James and Maria Ivory's dreams of a relaxing retirement on Florida's Gulf Coast were put on hold when they discovered their new home had been built with Chinese drywall that emits sulfuric fumes and corrodes pipes. It got worse when they asked their insurer for help. Not only was their claim denied, but they've been told their entire policy won't be renewed.
At least three insurers already have canceled or refused to renew policies after homeowners sought help replacing the bad materials. Because mortgage companies require homeowners to insure their properties, they are then at risk of foreclosure, yet no law prevents the cancellations.

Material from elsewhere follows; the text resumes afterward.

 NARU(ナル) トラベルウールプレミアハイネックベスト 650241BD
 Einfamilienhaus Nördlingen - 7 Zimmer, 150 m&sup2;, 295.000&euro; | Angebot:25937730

"This is like the small wave that's out on the horizon that's going to continue to grow and grow until it becomes a tsunami," said Florida attorney David Durkee, who represents hundreds of homeowners who are suing builders, suppliers and manufacturers over the drywall.

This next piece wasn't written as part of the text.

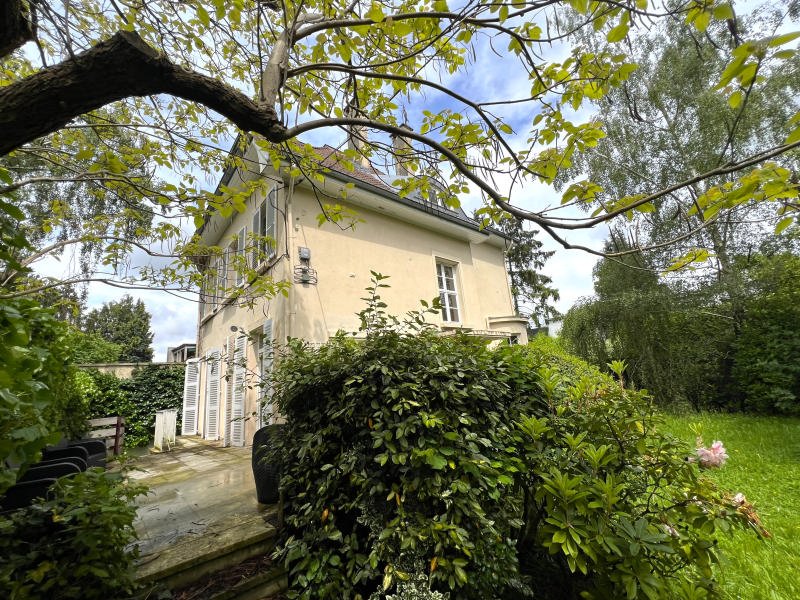 Main image thumbnail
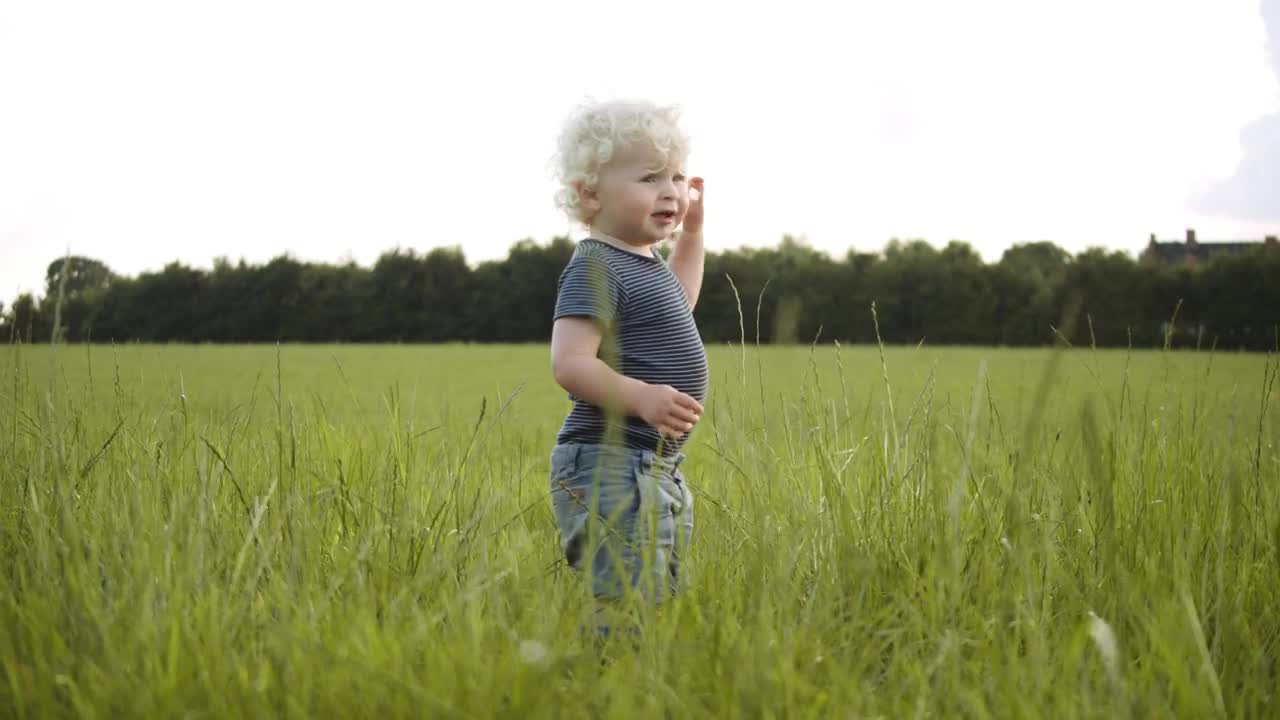 Download Free Video Stock toddler laughing outside Live Wallpaper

During the height of the U.S. housing boom, with building materials in short supply, U.S. construction companies turned to Chinese-made drywall because it was abundant and cheap. An Associated Press analysis of shipping records found that more than 500 million pounds of Chinese gypsum board was imported from 2004 to 2008 -- enough to have built tens of thousands of homes. The materials are heavily concentrated in the Southeast, especially in Florida and areas of Louisiana and Mississippi hit hard by Hurricane Katrina.The defective materials have been found by state and federal agencies to emit "volatile sulfur compounds" and contain traces of strontium sulfide, which can produce a rotten-egg odor, along with organic compounds not found in U.S.-made drywall. Homeowners complain the fumes are corroding copper pipes, destroying TVs and air conditioners, and blackening jewelry and silverware. Some believe the wallboard is also making residents ill.

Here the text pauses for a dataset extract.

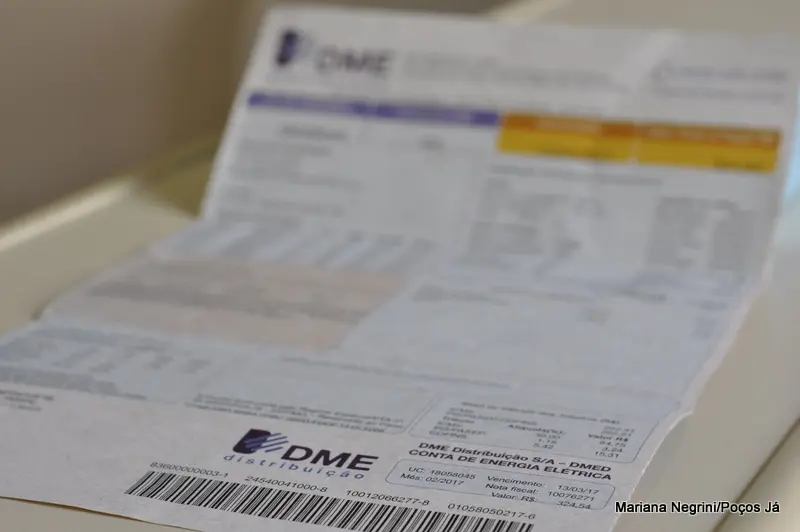Conta de luz terá desconto em agosto; entenda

The federal government is studying the problem and considering some sort of relief for homeowners.
The Associated Press interviewed several homeowners who, like the Ivorys, were unlucky enough to purchase properties built with Chinese drywall. Those homeowners are now being hit with a second wave of bad news: Their insurers are declining to fill their claims, then canceling the policies or issuing notices that they won't be renewed until the problem is fixed.
The homebuyers have little recourse against the Chinese manufacturers; the companies and the Beijing government are not likely to respond to any lawsuits or reimburse them for the defective materials.
In each instance, the insurer learned of the drywall through a claim filed by the homeowner seeking financial help with its removal.
"It's been an emotional roller coaster," said James Ivory, who is still making mortgage payments on the Florida house. "It was all in our heads -- nice weather down there, calm life, beaches. Now I don't know what to do."